Revealed: The solar farms that found the sweet spot in the grid, and those that didn’t

Beryl Solar Farm (credit: New Energy Solar)

Australia has experience over the last few years a huge influx of investment in large scale solar farms – a technology that didn’t exist in the main National Electricity Market eight years ago, and barely existed, beyond a handful of plants, even five years ago.

Since the 20MW Royalla solar farm was opened in 2012 near Canberra – part of the ACT’s shift to 100 per cent renewables – another 50 or so large scale solar farms with nearly 4,000MW of capacity have been built, almost all of them in the last three years. Even more are under construction or in the pipeline. But it hasn’t worked out as well as expected for some of them.

As RenewEconomy has been reporting over the last couple of years, delays in project construction, delays in connection and commissioning, cost-overruns, damages claims, equipment problems, and constraints imposed by negative prices, grid congestion and system strength issues has taken a heavy toll on contractors, developers and owners.

Some contractors have collapsed or left the market, and many big international investors have been burned by the experience – some so badly that they have decided to quit Australia and spend money elsewhere.

But which large scale solar projects have done well, or chosen wisely, and found a sweet-spot on the grid and in the market, and which large scale solar projects have not? One of the best visualisations we have seen came from this slide below from Rystad Energy analyst David Dixon during the webinar hosted by RenewEconomy earlier this week.

Source: Rystad Energy research and analysis, Transgrid 2020 Annual Transmission Planning Report.

It’s a complex looking graph, but basically it charts two important numbers – the capacity factor of individual solar farms over the past financial year, and MLF (or marginal loss factor), which shows its vulnerability to grid congestion.

(An MLF of 100 per cent means it is near load and will get credit for all its output. An MLF well below 100 per cent, like Broken Hill  – just above 75% –  means it is a long way from load, and will only get credit for that percentage credited to its output).

The graph shows the solar farms that have hit what is – for now – the sweet spot in the grid, with both high MLFs and high capacity factors, meaning that the output has not been constrained by negative prices, grid congestion, network constraints or other factors.

They are found in the top right box, including the Beryl solar farm (picture above). Bungala 1 in South Australia is also in that box, although the same can’t be said for Bungala 2, which has faced so many delays it doesn’t even rate a mention in this graph, although it is now producing some power.

It should be noted that even these projects aren’t shielded from market changes. As Michael Mazengarb writes, New Energy Solar has been forced to write down the value of Manildra because of lower wholesale prices. It also owns the Beryl project.

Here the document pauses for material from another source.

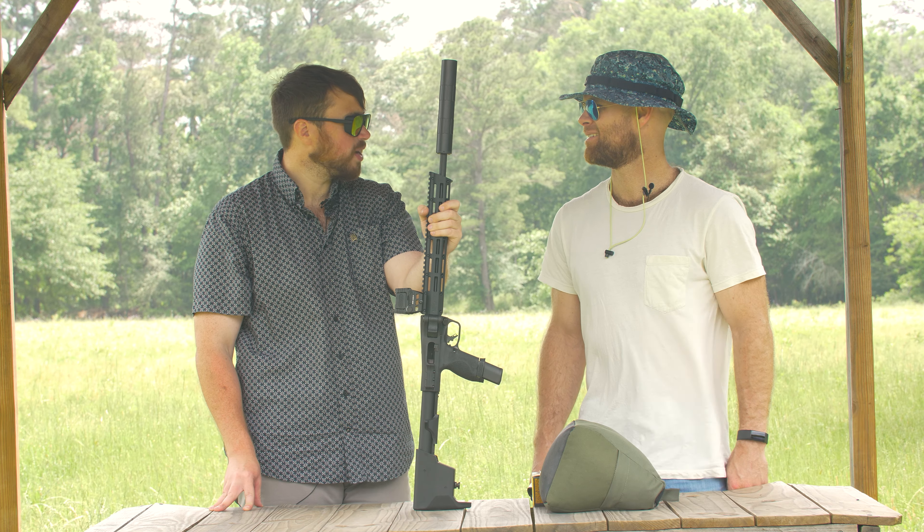Should we talk about price? MSRP is around $500 — it's in that ballpark. It's not going to break the bank. Super affordable and a great use of 500 bucks. It's built to last.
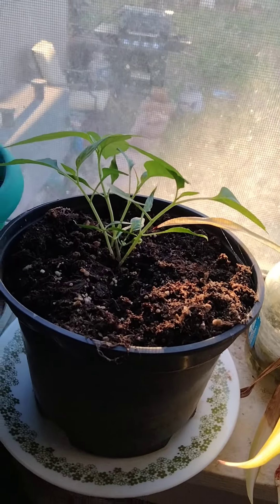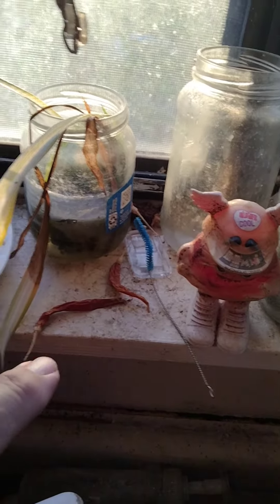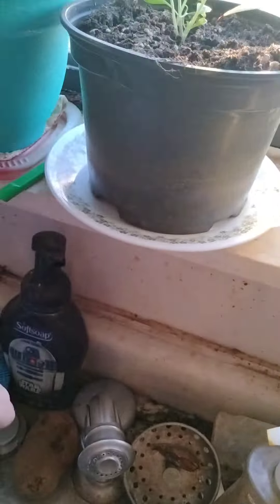Good morning, all. Chief Pepper here with a hopefully quick video. This right here is a pepper plant — it was an accident. If you look to the right, there are drying peppers; they fell down and that area gets wet all the time.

Those in the top left are doing OK for now, but look to be in parts of the grid that could face issues down the track, Dixon says. Those on the bottom right are in good parts of the grid, but have experienced other issues such as equipment failures or negative prices, or in the case of the Sun Metals solar farm, a combination of equipment issues and the newly emerged system strength issues.

Those on the bottom left must be feeling like they drew the short straw. These are the ones with multiple challenges – low MLF, poor grid position, negative pricing events and/or equipment issues. They include the West Murray Five, the five big solar farms – Bannerton, Broken Hill, Gannawarra, Karadoc and Wemen – that had their output cut in half for more than seven months while voltage “oscillation” problems were resolved.